Uluslararası Yönetim İktisat ve İşletme Kongresi'24, Zonguldak, Türkiye, 9 - 10 Mayıs 2024, ss.1-2
Inflation, interest rate
and exchange rate variables are important for the macroeconomic stability of
countries. High inflation has been a major problem in Turkey, especially since
the 1980s. Volatility in exchange rates, on the other hand, increases the
vulnerability of the economy and paves the way for financial crises. The
instability in interest rates also negatively affects the national economy,
especially in terms of investment decisions. The aim of this study is to reveal
the interrelationships among exchange rates, inflation and interest rates in
the Turkish economy. In this framework, dollar exchange rate, CPI and deposit
interest rates between January 2005 and October 23 are used as the data set.

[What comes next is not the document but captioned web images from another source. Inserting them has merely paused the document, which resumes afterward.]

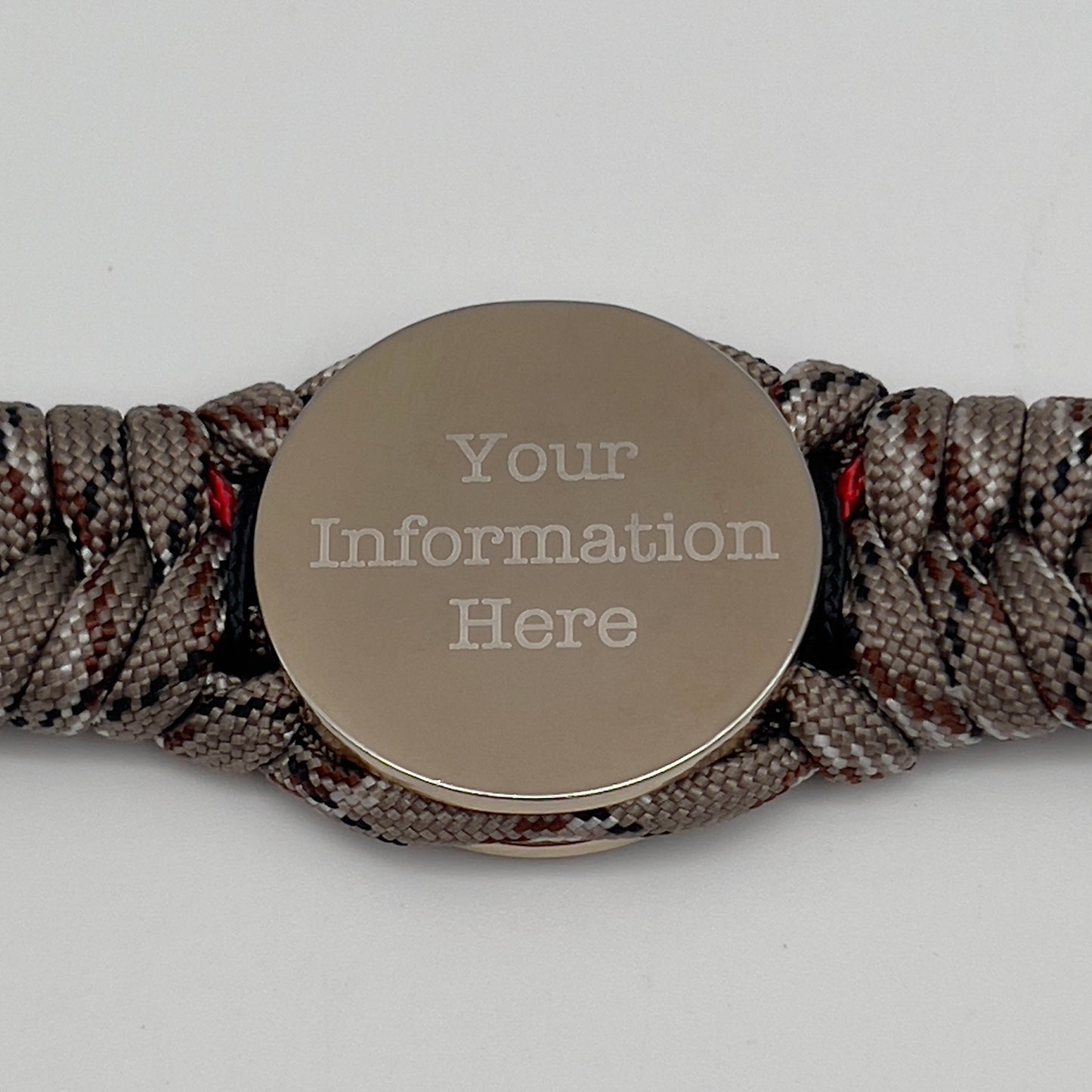 Thick and comfortable braided United States Marine Corps bracelet featuring a 24K gold and silver plated USMC officer Eagle Globe and Anchor medallion, a Cobra style tactical buckle and woven with Desert Camo 550 paracord and Imperial red and black micro cord.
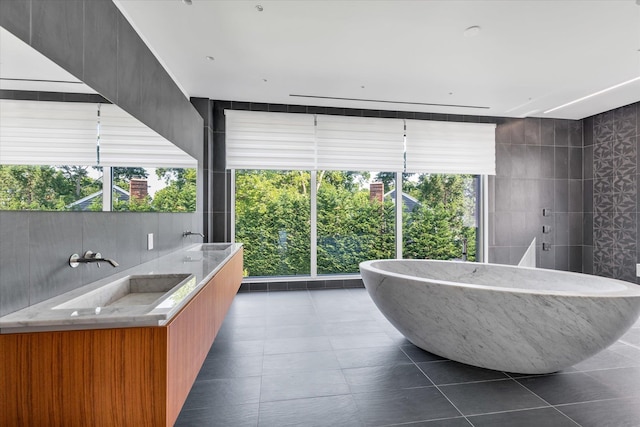 1555 Stevenson Rd, Hewlett, NY 11557 - full bath featuring a freestanding tub, tile patterned flooring, and double vanity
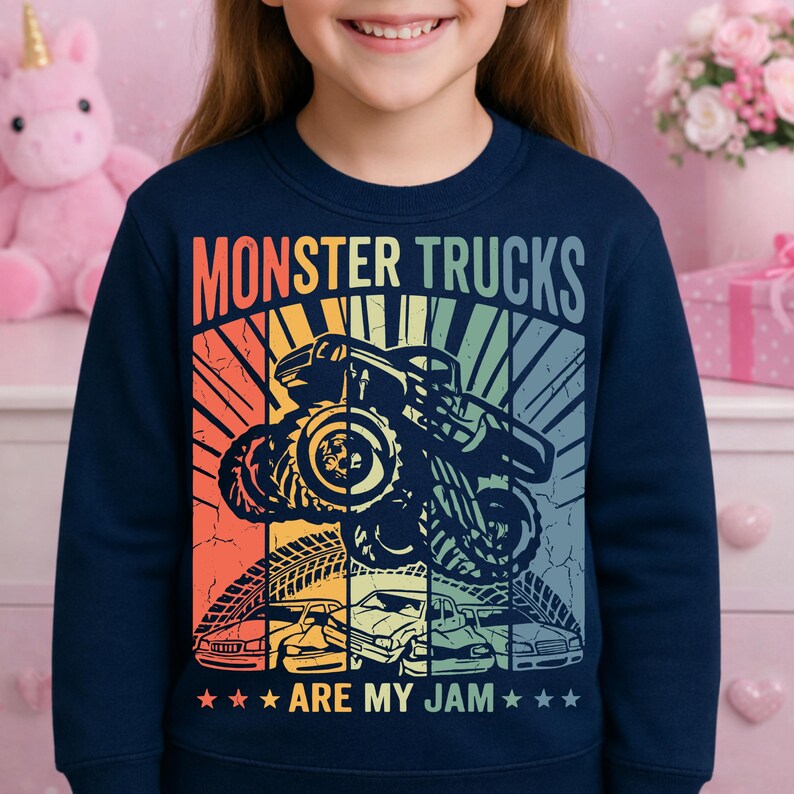 May include: Navy blue sweatshirt with a colorful graphic that says "MONSTER TRUCKS ARE MY JAM." The design features a monster truck, tire tracks, and several cars in a retro style.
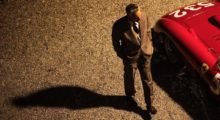 A man wearing a brown suit walks beside a bright red Ferrari.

The data were obtained from the Central Bank's EDS website. ARDL method was
used as the methodology in the study. The difference of the study from the
literature is that structural breaks are included in the econometric model.
According to the findings of the study, there is a long-run cointegration
relationship between the variables. Moreover, it is observed that the error
correction model works. In other words, short-run deviations are eliminated in
the long run and the equilibrium relationship is restored. It takes
approximately 9 months to eliminate these deviations. In the long run, a 1%
increase in the interest rate increases the dollar exchange rate by approximately
0.19%. A 1% increase in the CPI increases the dollar exchange rate by
approximately 1.2%. In addition, structural breaks in August 2006, February
2015 and March 2020 were found to be statistically significant. In the short
run, a 1% increase in interest rates leads to an increase of approximately
0.17% in exchange rates. A 1% increase in CPI increases exchange rates by
approximately 0.94% in the short run.